Bali Adası’nın en eski tapınaklarından birisi olan Goa Gajah’ın 11. yüzyılda inşa edildiği biliniyor. 1995 yılından itibaren Unesco Dünya Mirası Listesi’nde yer alıyor. Hindu ve Budist olmak üzere 2 farklı kısmın bulunduğu bu tapınağı mutlaka görmelisiniz.
Bali Adası’nın dikkat çekici eserlerinden biri olarak kabul edilen Fil Mağarası yani Elephant Cave kapısı da bu tapınak kompleksinin sınırları içerisinde yer alıyor.
Eğitim tanrısı olan Goa Gajah’a adanan tapınağa giriş yapabilmek için 50.000 IDR tutarlı ücreti ödemeniz gerekiyor.

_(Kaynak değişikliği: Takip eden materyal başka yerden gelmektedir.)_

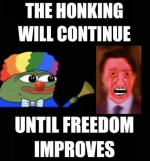1643645085512.png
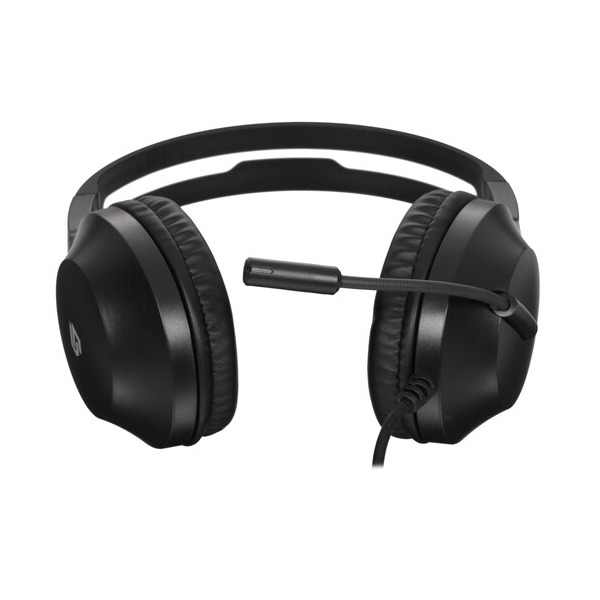 wired-headphones-aceline-gl-7007-black-2025-2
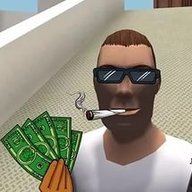 tripin mamont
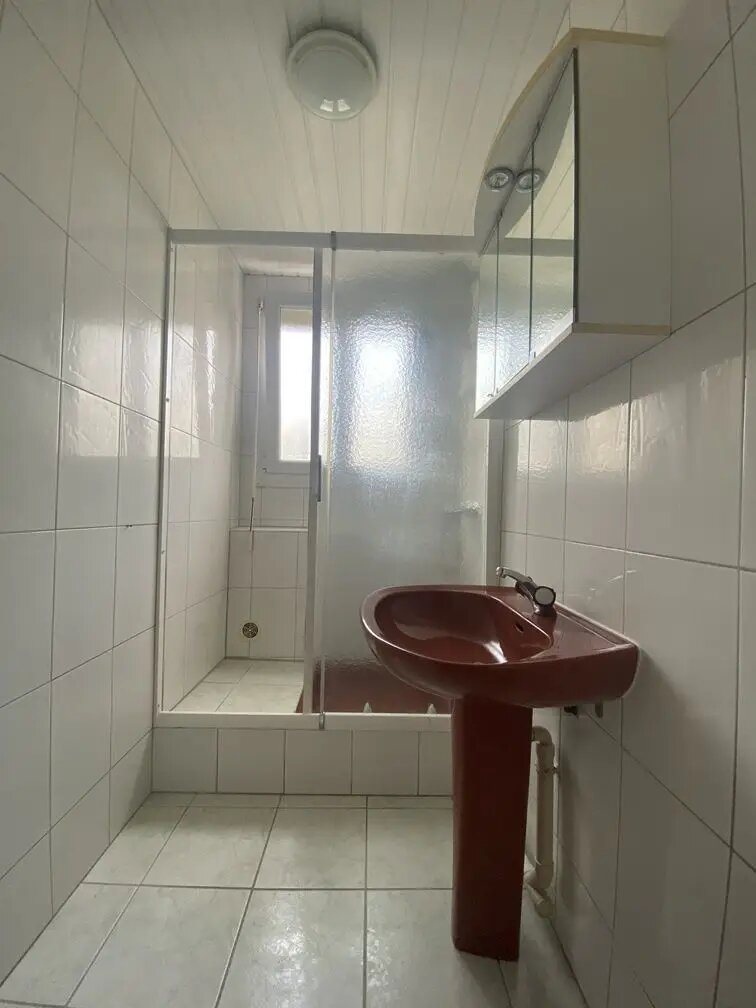 Appartement à louer, 31m², Dreux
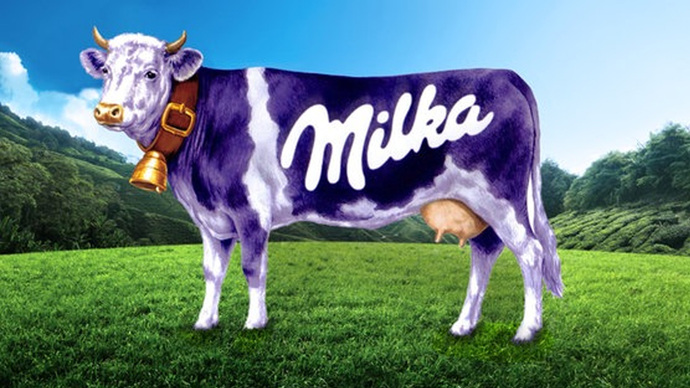 Çikolatayı sever misiniz?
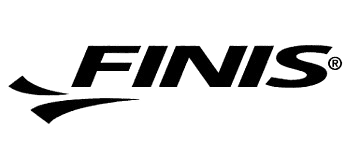 Finis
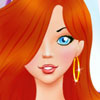 play Angelic Beauty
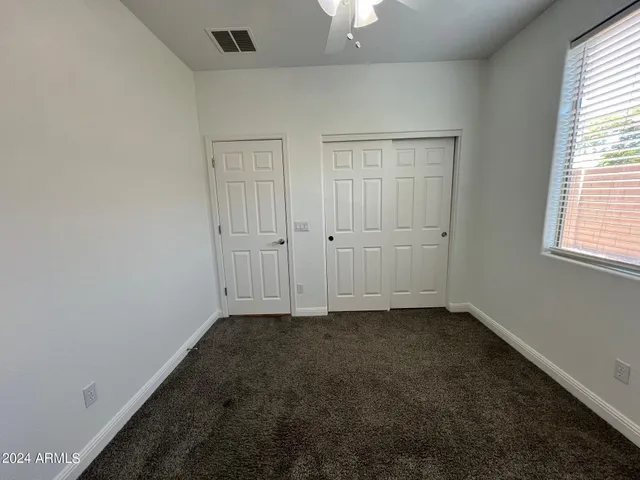 $2,400 | 11985 West Ashby Drive, Peoria, AZ 85383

Ubud’un en canlı ve en kalabalık yerlerinin başında Ubud Pazar yeri geliyor. Buraya gelerek yerel mutfağın tadına bakmak için birbiri ardına sıralanan restoranlara gidebilirsiniz.
Gece de eğlenmek istiyorsanız canlı müzik ve yerel dans gösterilerinin düzenlendiği barlara uğrayabilirsiniz.
Ubud pazar yerinde çok sayıda hediyelik eşya dükkânı da yer alıyor. Ülkenize dönerken Bali tatilinizi ölümsüzleştirmek adına hediyelik eşya alışverişinizi buradan yapabilirsiniz. Ancak dükkan sahibi olan esnaflarla mutlaka pazarlık yapmanız hususunda sizi uyarmamız gerek. Aksi halde ufak bir hediyelik eşya için 3 katı fazla ödeme yapmak durumunda kalabilirsiniz.
Girişin ücretsiz olduğu Ubud Market, her gün akşam saat 18.00’e kadar misafirlere kapısını açıyor.
Ubud Pazar Yeri’ne oldukça yakın olarak konumlanan Saraswati Tapınağı turistlerin rağbet ettiği yerlerden birisi olarak biliniyor.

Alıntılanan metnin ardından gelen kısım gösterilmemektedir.